Experience from dealing with lab incidents
So what have I learned from dealing with lab incidents over the years?
The bad:
- They usually occur because of poor communication e.g. failure to fill out request cards with clinical information such as the all-important travel history or exposure to animals, failing to alert lab staff internally about the risk of specific samples, or failure to tell lab staff when the clinical history has changed in relation to older samples
- They can be made worse by poor practice e.g. not complying with basic biological safety practices such as wearing gloves, using a Category 3 facility to process high risk samples, not cleaning up spillages properly and in accordance with standard operating policies
- It can be hard to keep track of who has been exposed e.g. who’s accessing your lab? Managers and visitors are often brought through laboratories as short cuts when they should take a longer but safer route to get where they are going. Or staff moving between benches frequently; this makes knowing their exact times within specific areas of the lab difficult
- Monitoring of staff for symptoms of infections e.g. fever, this can be even more problematic over winter as every time someone gets a cough or a cold you have to assume it might be the target infection…its stressful and a nightmare
The good:
- Immediately assemble a small team to manage the incident; calm and common sense are the ideal qualities
- Communicate as soon as possible with everyone who needs to be involved so that false rumours don’t take hold, both within the laboratory (an FAQ document can be helpful) as well as externally e.g. Trust Managers, Public Health England, Health and Safety Executive
- Gather information before making decisions; have all the facts, what is the exposure, what is the risk, who has been exposed and when?

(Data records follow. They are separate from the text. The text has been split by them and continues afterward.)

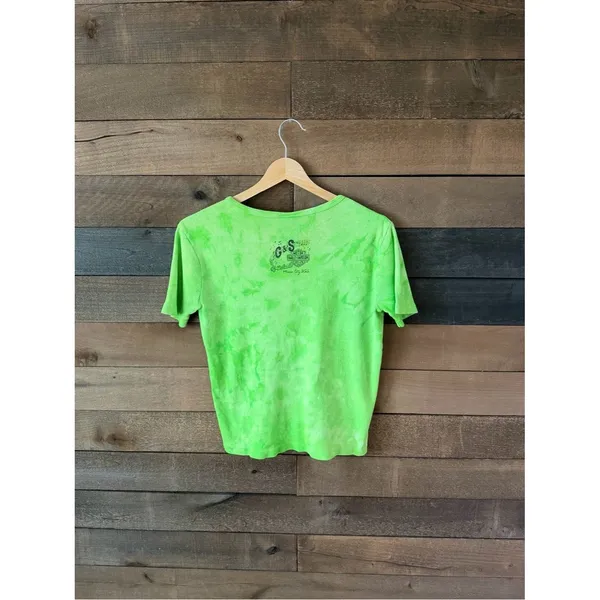 Vintage Harley Davidson Chicks Rule Lime Green Tie Dye Baby Tee - Image 4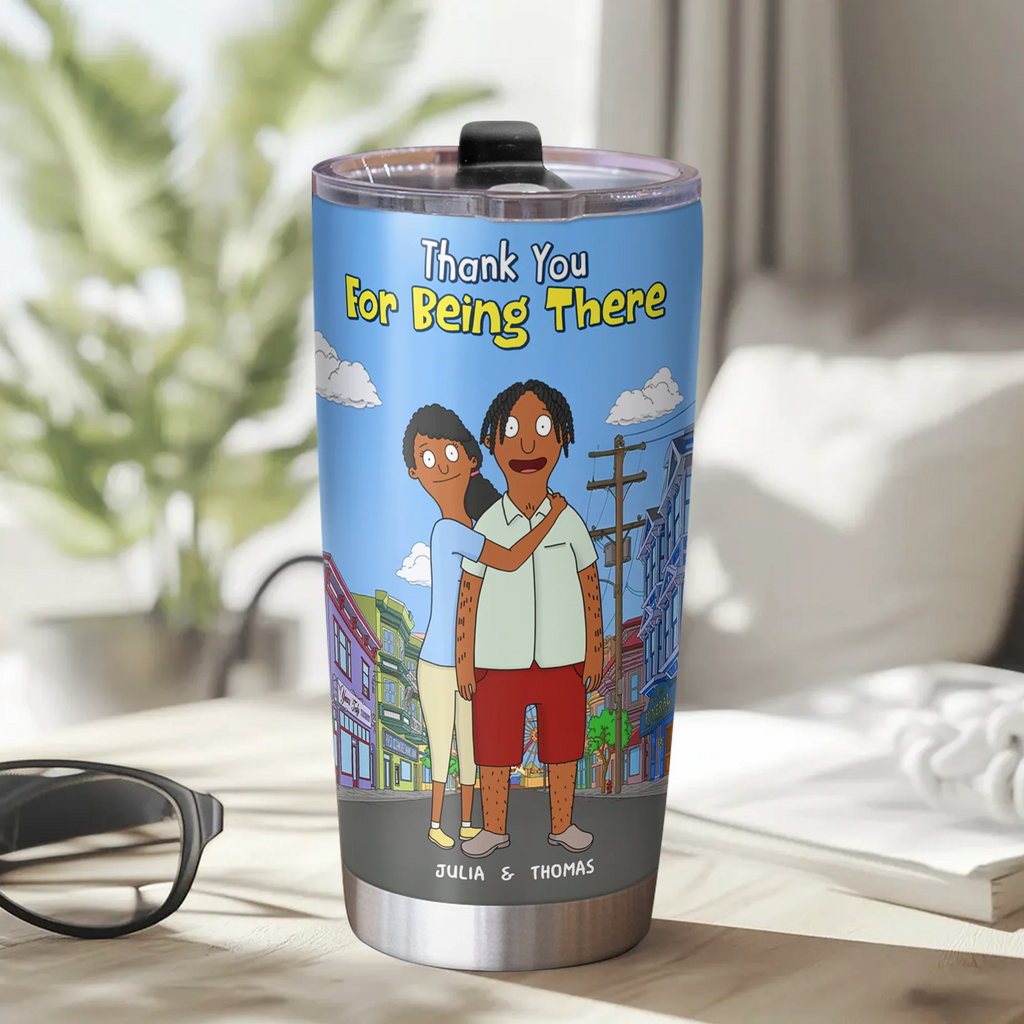 Personalized Thank You Cartoon Tumbler Gift for Couple Anniversary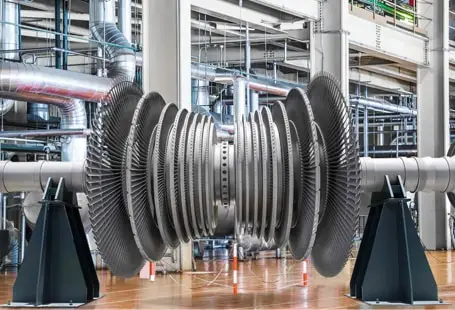 Industrial turbine equipment on a manufacturing floor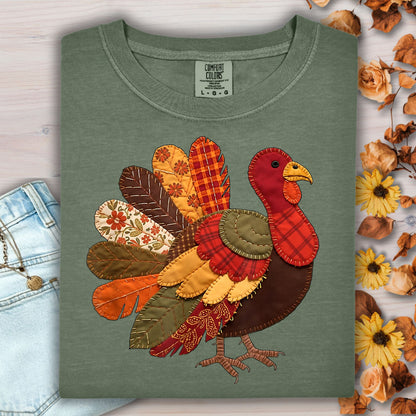 Faux Patchwork Thanksgiving Turkey T-Shirt
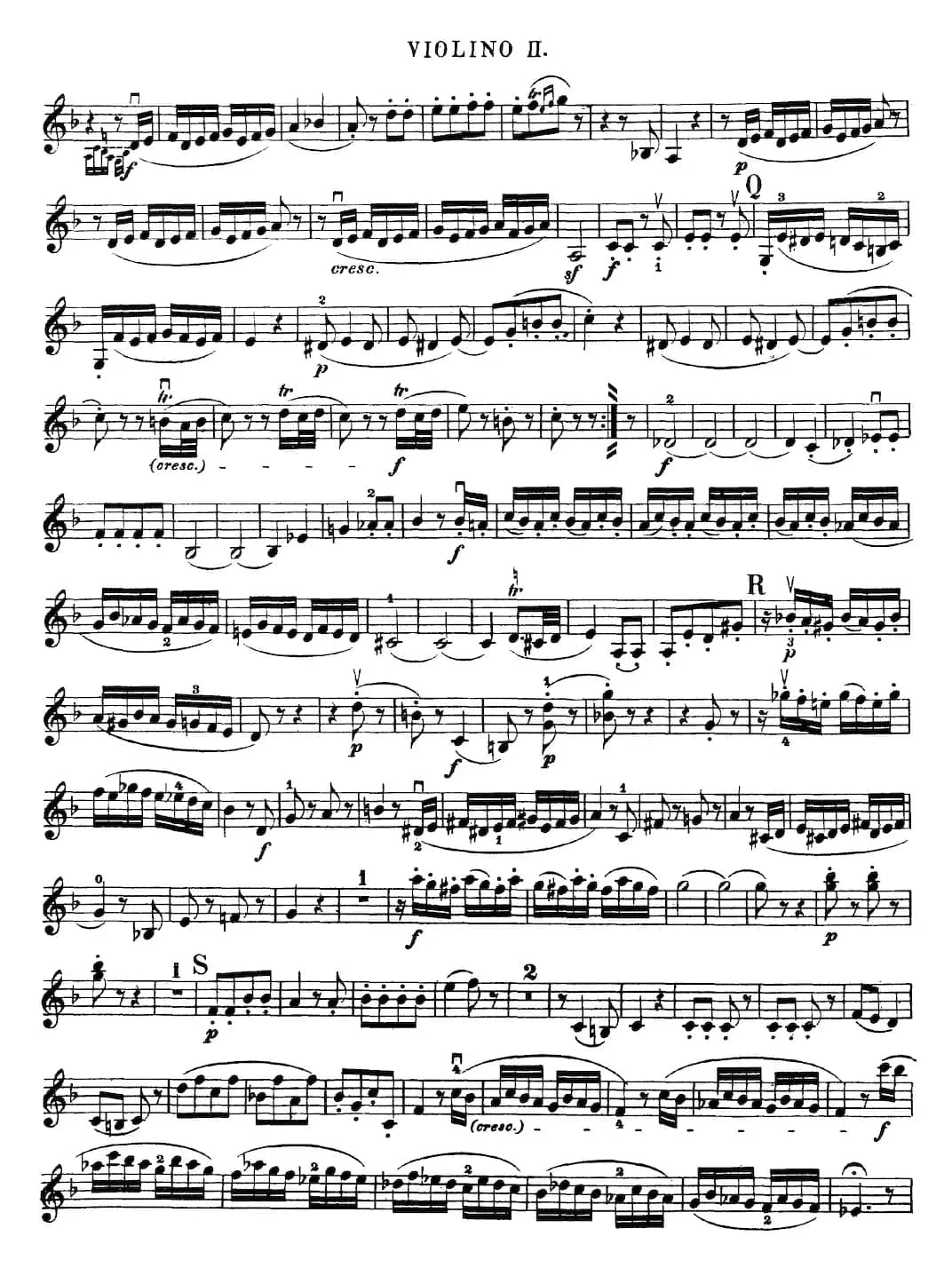 Mozart《Quartet No.23 in F Major,K.590》(Violin 2分谱)
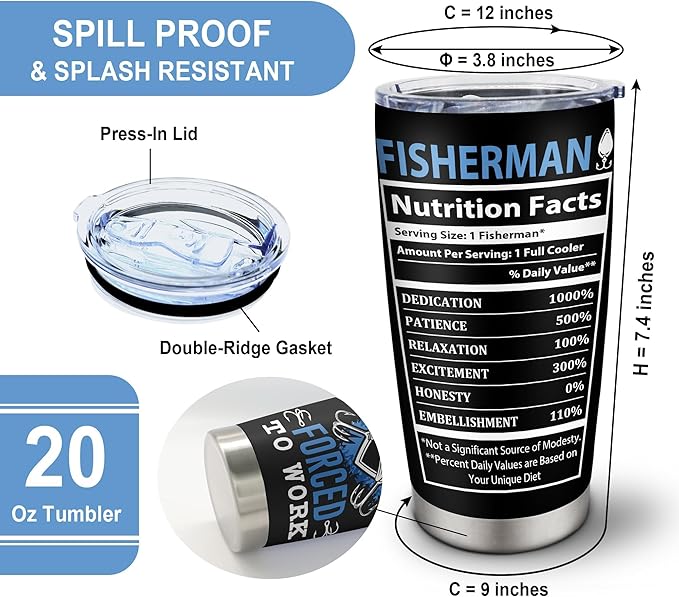 Christmas Fishing Gifts for Men, Unique Fishing Gifts for Dad/Grandpa/Boys, Gift for Fisherman, Dad/Papa Fisherman Present, Birthday Present for Mens Who Love to Fish Tumbler 20oz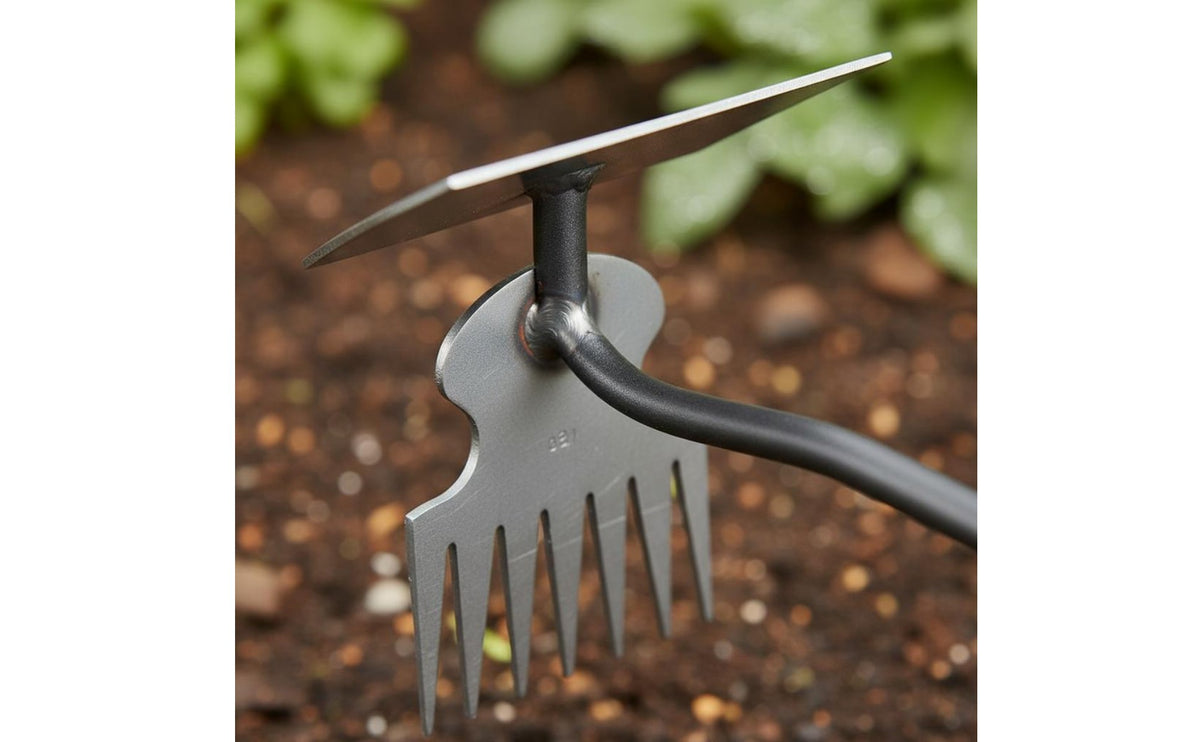 Weeding Rake Hoe Multi-Functional Manual Invasive Growth Remover Stainless Metal Garden Base Puller for Gardeners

- Ask for help e.g. from departmental and Trust Managers, Occupational Health staff, Emergency Department colleagues, etc.
- Laboratory staff almost never overreact to a situation; their calm and professional approach always make the situation much easier to handle, praise them for this!
Dealing with incidents and outbreaks can be stressful but it can also be very rewarding. Making sure you friends and colleagues are safe and that they feel safe makes a massive difference. So don’t shy away from these situations, tackle them head-on in a calm and common sense manner, but hopefully not too often… after all the best incident to deal with is the one that never actually happened.